By Lorna Tan
THE government's move to lower the costs of investing retirement funds under the CPF Investment Scheme (CPFIS) will help improve investment returns and counter the undesirable practice of "churning", said financial experts on Monday.
They were reacting to the news that the sales charge and wrap fee imposed under the CPFIS would be cut in two phases, the first from Oct 1.
Sales charges for new purchases of CPFIS products, such as investment-linked insurance policies (ILPs) and unit trusts, will first fall from 3 per cent to 1.5 per cent. This charge will then be removed from Oct 1, 2019.
The aim is to remove the incentive for financial advisers to sell products under CPFIS merely to earn more commissions. This practice of "churning" - the buying and selling of products benefits financial advisers at the expense of the investor.
David Gerald, president of Securities Investors Association (Singapore) or SIAS, said he welcomed the move as the fees are a "drag on investment return".
Sam Phoen, co-founder of investment management firm Wateram Capital, said: "The eventual removal of the sales charge ensures every dollar invested goes straight into the fund and earns a return."
The Life Insurance Association Singapore (LIA) added that the fee cut and its eventual removal may result in a dip in the volume of transactions for CPFIS-included policies, given that insurance-linked policies (ILPs) under the scheme generate up to 3 per cent sales charge for financial firms.
"Individual life insurers can be expected to assess ... their continued participation in the CPFIS," it said.

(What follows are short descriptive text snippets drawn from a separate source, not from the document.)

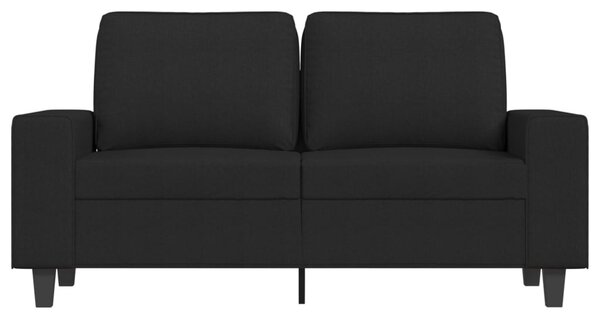 Kétszemélyes fekete szövetkanapé 120 cm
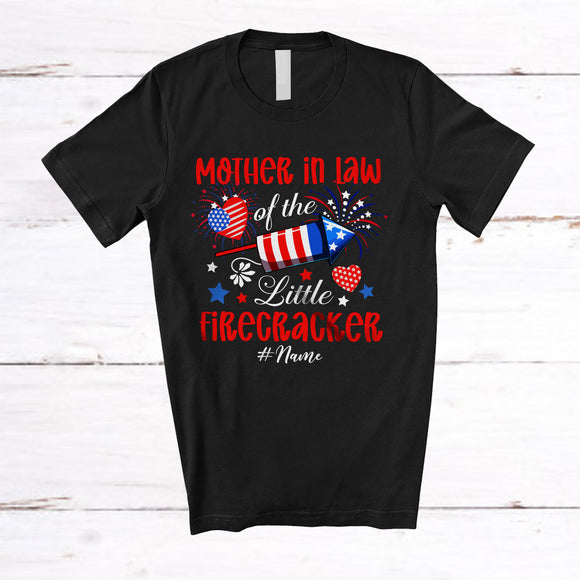 MacnyStore - Personalized Custom Name Mother in law Of The Little Firecracker; Lovely 4th Of July Family Patriotic T-Shirt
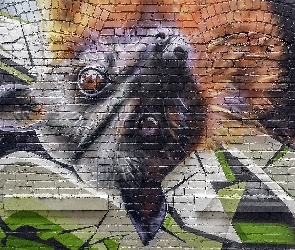 Ściana, Street art, Nietoperz
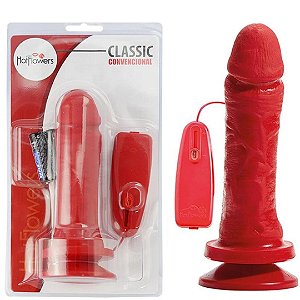 Pênis Vermelho com Vibrador e Controle Externo 16X4Cm Hot Flowers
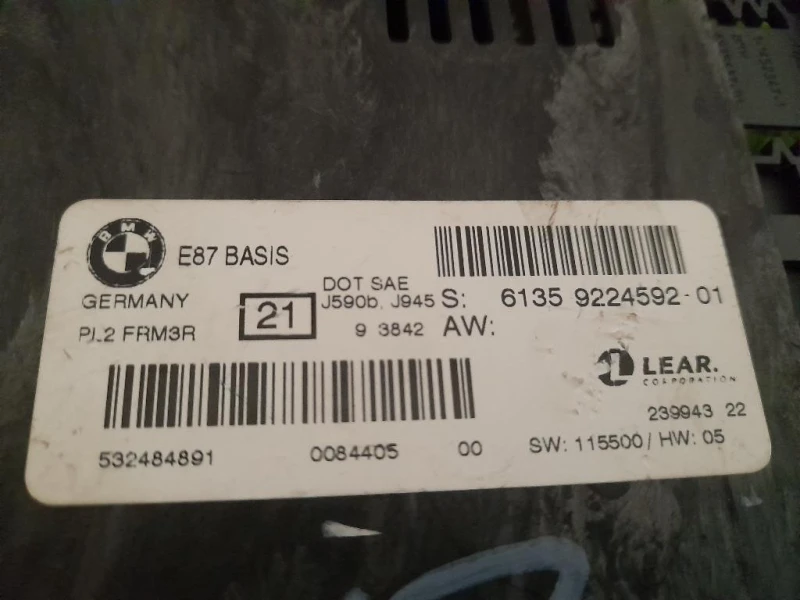 Centralina LUCI Interne 61359224592 Bmw Serie 1 E87 Berlina 2005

"For instance, life insurers could market CPFIS-included products online without financial advice to cater to knowledgeable self-directed consumers." (CPFIS investors are already able to buy unit trusts via online platforms without incurring a sales charge.)
The cap on annual wrap fees will be lowered to 0.7 per cent this Oct 1, and to 0.4 per cent on Oct 1 next year.

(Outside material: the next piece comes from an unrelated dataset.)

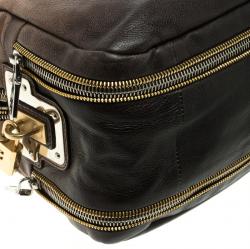 Pre Owned Prada Ardesia/Nudo Ombre Leather Glace Zippers Satchel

Currently, financial advisers can charge a wrap fee of up to 1 per cent of assets under management (AUM) a year for CPFIS members with wrap accounts. This fee covers advisory services and the costs of maintaining the account.
The Manpower Ministry said the 0.4 per cent cap to take effect in October next year is similar to fees charged by online investment platforms in the cash market.
Providend chief executive Christopher Tan said that removing sales charges will help counter churning, but that the side effect is that advisers may not earn enough when giving investment advice.
This could induce them to sell insurance products such as endowment plans instead of low-cost unit trusts under the CPFIS, which may not be in the best interests of consumers.
He suggests capping the sales charge at, say, 1 per cent instead of removing it completely, and lowering the total expense ratio (TER) instead of lowering the wrap fee.
The TER comprises management fees and additional expenses, such as trading, legal and auditor fees and other operational costs. The more actively managed the fund, the higher the TER.
"By lowering wrap fees and not TER, you penalise good advisers who recommend low TER funds, which are better for the consumers, and reward advisers who recommend high TER unit trusts, which are bad for consumers," said Mr Tan.
He suggested that the TER of funds under the CPFIS be capped to a "more reasonable" amount, for example, below 1 per cent a year. The current cap of 1.75 per cent is "too high and eats into returns", he added.
Lower costs of investing aside, CPF members looking to open a CPFIS account from Oct 1 will be directed to take a self-awareness questionnaire to find out their level of basic financial knowledge. This assessment will help them decide whether the CPFIS is suitable for them.
CPF members who already have a CPFIS account will be encouraged to fill up the questionnaire as well.
As at Dec 31 last year, 930,000 CPF members invested S$17.32 billion of their CPF-Ordinary Account savings; 324,000 members invested S$5.05 billion of their CPF-Special Account savings.